US - MIDEAST: U.S. Secretary of State Condoleezza Rice is heading to the Middle East
for more talks with Israeli and Palestinian officials on the regional
peace process. Rice will meet the now-caretaker Israeli Prime Minister
Ehud Olmert and Foreign Minister Tzipi Livni today in Tel
Aviv and go to Ramallah in the West Bank Friday for talks with
Palestinian President Mahmoud Abbas.
Rice has said the Bush administration will pursue Israeli-Palestinian
peacemaking efforts until President Bush leaves office in January.
Israeli Prime Minister Olmert and Palestinian President Abbas revived
peace talks late last year with a desire to reach a final deal by the
time Mr.

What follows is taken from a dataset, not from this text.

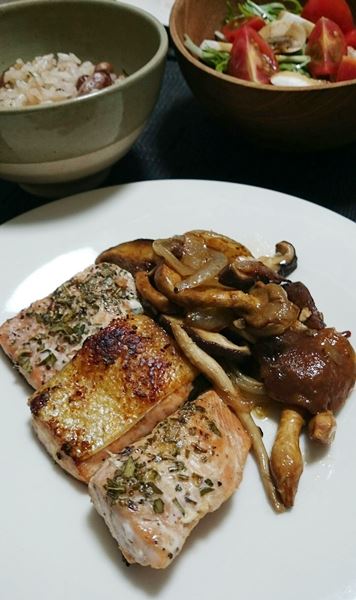 秋鮭の香草焼き♪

Bush leaves office.
PAKISTAN: Pakistani officials say an airstrike has killed at least 11 suspected
militants in the country's volatile northwest.
Officials today said the strike targeted insurgent positions
in the semiautonomous Bajaur region, bordering Afghanistan.
On Wednesday, reports from Pakistan said Islamic militants released 12
school children abducted Tuesday from a government school in the
northwest.
A spokesman for a Taliban group led by the radical cleric Maulana
Fazlullah had accused the students of spying for
Pakistani security forces in the Swat region.
In other violence Wednesday, the militants killed one of the four
police officers kidnapped three days ago in Swat's Charbagh.
BHUTAN - KING: The tiny Himalayan kingdom of Bhutan has crowned its new ruler, King
Jigme Khesar Namgyel Wangchuck -- the youngest reigning monarch in the
world.
The coronation of the 28-year-old Western-educated hereditary monarch
as Bhutan's first constitutional king culminates a two-year transfer of
royal power from his father, Jigme Singye Wangchuck, who abdicated two
years ago.
In today's ceremony in the capital, Thimpu,
King Jigme Singye transfered the Raven Crown to his eldest son, giving
him the title of the Fifth Druk Gyalpo, or Dragon King.